━━━━━ Supplied data

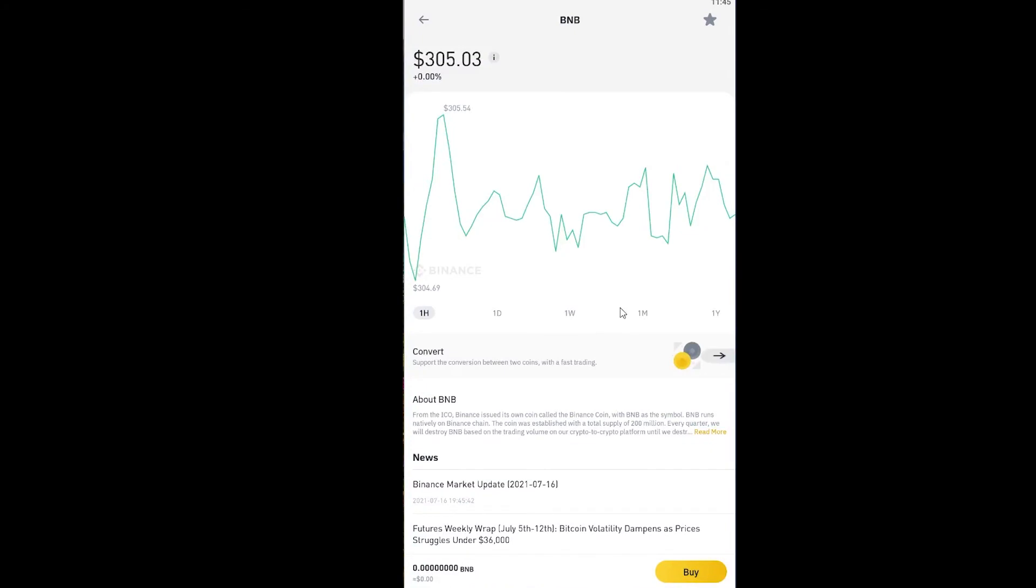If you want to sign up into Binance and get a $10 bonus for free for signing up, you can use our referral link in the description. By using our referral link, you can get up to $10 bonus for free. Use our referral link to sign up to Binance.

━━━━━━━━━━
━━━━━ Supplied data

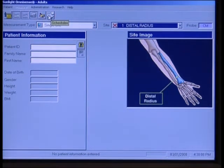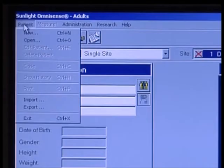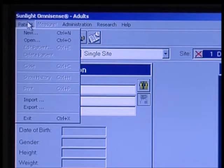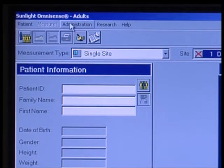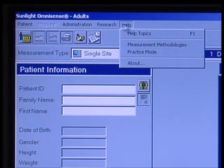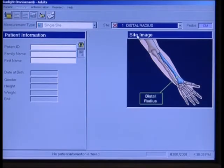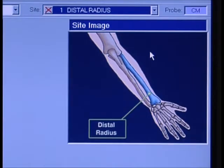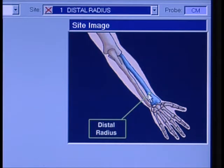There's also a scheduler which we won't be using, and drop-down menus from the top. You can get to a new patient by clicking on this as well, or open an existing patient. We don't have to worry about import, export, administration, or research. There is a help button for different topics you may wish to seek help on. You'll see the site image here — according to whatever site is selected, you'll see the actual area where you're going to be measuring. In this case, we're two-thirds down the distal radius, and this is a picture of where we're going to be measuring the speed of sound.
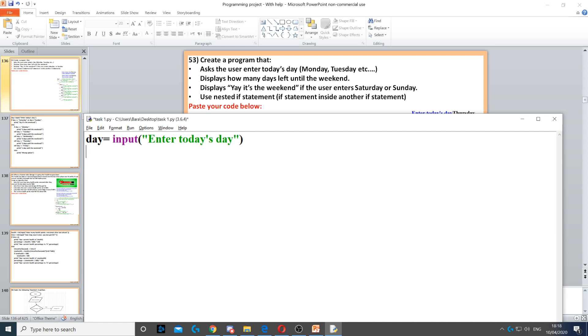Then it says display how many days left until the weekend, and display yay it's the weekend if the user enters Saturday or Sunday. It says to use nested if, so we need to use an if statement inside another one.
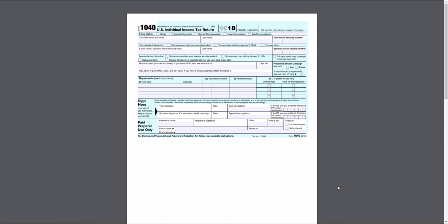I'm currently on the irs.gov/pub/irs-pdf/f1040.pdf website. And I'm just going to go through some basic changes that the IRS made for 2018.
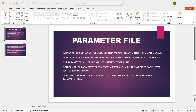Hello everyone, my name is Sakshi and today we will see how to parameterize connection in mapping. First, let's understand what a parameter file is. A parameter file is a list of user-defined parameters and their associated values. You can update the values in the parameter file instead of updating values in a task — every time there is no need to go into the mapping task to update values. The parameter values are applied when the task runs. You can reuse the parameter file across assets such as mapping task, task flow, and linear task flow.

━━━━━━━━━━

What to do —
The lines to reproduce run from the one above containing "Then it says" through the one containing "I'm currently on". Copy them exactly and leave out all pictures.

Solution to the exercise —
Then it says display how many days left until the weekend, and display yay it's the weekend if the user enters Saturday or Sunday. It says to use nested if, so we need to use an if statement inside another one.
I'm currently on the irs.gov/pub/irs-pdf/f1040.pdf website. And I'm just going to go through some basic changes that the IRS made for 2018.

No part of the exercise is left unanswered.